Raniero Cantalamessa, ofmcap

“VI SIETE SPOGLIATI DELL’UOMO VECCHIO

E AVETE RIVESTITO IL NUOVO”

Assisi, Santuario della Spogliazione, 16 Maggio 2021

(non pronunciato)

 

Celebriamo il mistero conclusivo della vita di Gesù: la sua Ascensione al cielo.
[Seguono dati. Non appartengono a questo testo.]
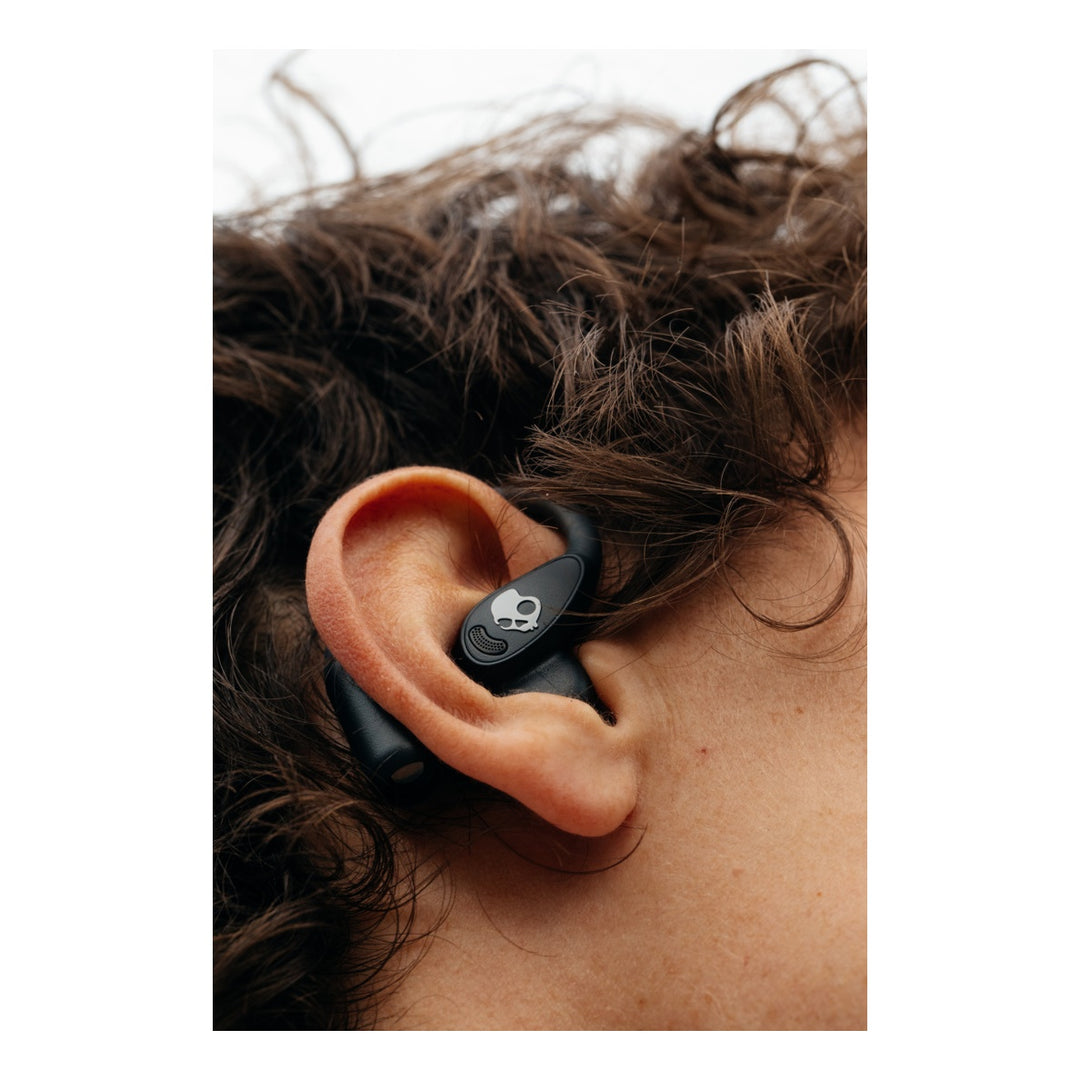 Skullcandy Push 540 Open Ear schwarz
Che significa dire che Gesù è “salito al cielo”? La risposta la troviamo nella breve frase con cui il Vangelo di Marco descrive l’Ascensione: “Fu elevato in cielo e sedette alla destra di  Dio”. Una frase che è entrata di peso nel credo della Chiesa: “È salito al cielo, siede alla destra del Padre”. Che Cristo sia salito al cielo significa che, anche come uomo, egli è entrato nel mondo di Dio e ne condivide la maestà. Gesù non entra in un luogo, ma in una dimensione nuova, dove non hanno più senso le nostre espressioni sopra, sotto, davanti, dietro. An­dare in cielo, significa andare a Dio; essere in cielo, signi­fica essere presso Dio.

L’Ascensione  non è un evento che riguarda però soltanto Gesú. Riguarda anche noi che siamo il suo corpo. Con lui, un frammento del nostro universo è giunto definitivamente a Dio. Si tratta di una primi­zia che esige un raccolto pieno. Dove è il capo lì deve essere anche il suo corpo che è la Chiesa. “Oggi – diceva san Leone Magno nell’omelia per la festa odierna – ricordiamo e celebriamo il giorno in cui la nostra povera natura è stata elevata in Cristo fino al trono di Dio Padre“ (Discorso 2 sull’Ascensione, 2).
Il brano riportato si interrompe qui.